- _RECORDED DATA_
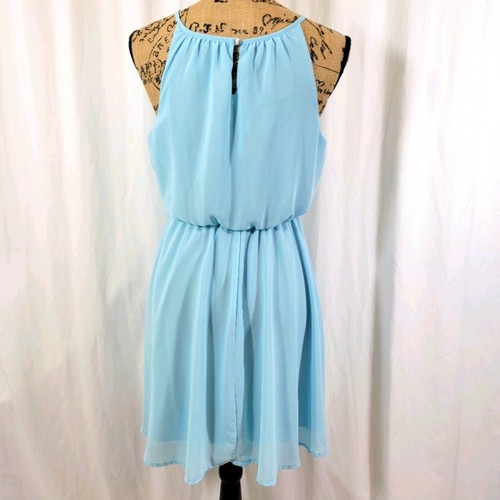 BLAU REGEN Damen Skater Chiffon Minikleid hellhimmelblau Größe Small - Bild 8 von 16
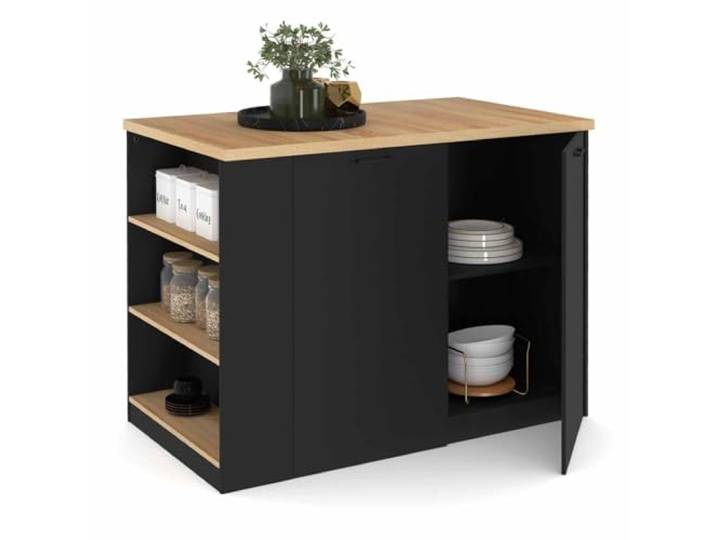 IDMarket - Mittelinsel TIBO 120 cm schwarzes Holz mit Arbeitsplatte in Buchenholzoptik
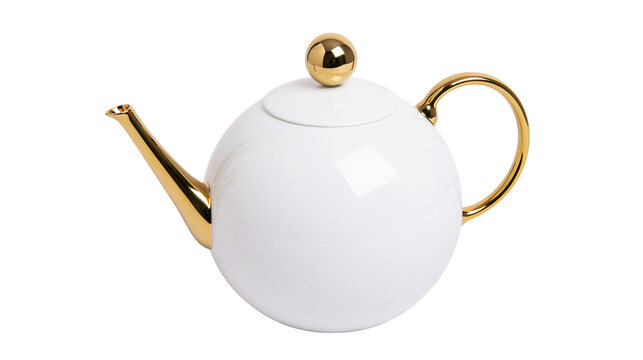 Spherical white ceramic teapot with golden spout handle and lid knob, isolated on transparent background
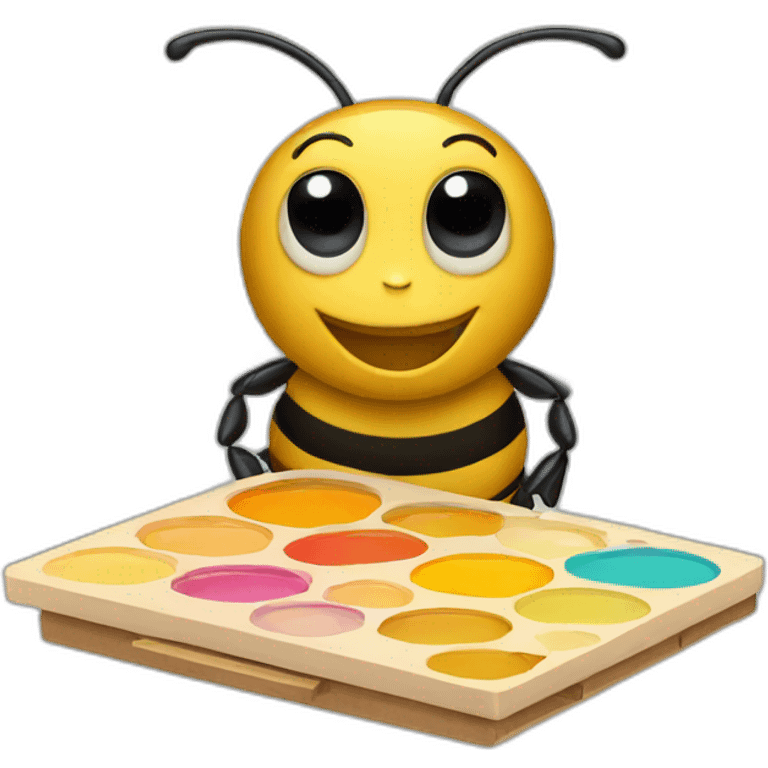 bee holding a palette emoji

- _WHAT TO DO_
Please give the data again unaltered, leaving out any images.

- _EXPECTED ANSWER_
 BLAU REGEN Damen Skater Chiffon Minikleid hellhimmelblau Größe Small - Bild 8 von 16
 IDMarket - Mittelinsel TIBO 120 cm schwarzes Holz mit Arbeitsplatte in Buchenholzoptik
 Spherical white ceramic teapot with golden spout handle and lid knob, isolated on transparent background
 bee holding a palette emoji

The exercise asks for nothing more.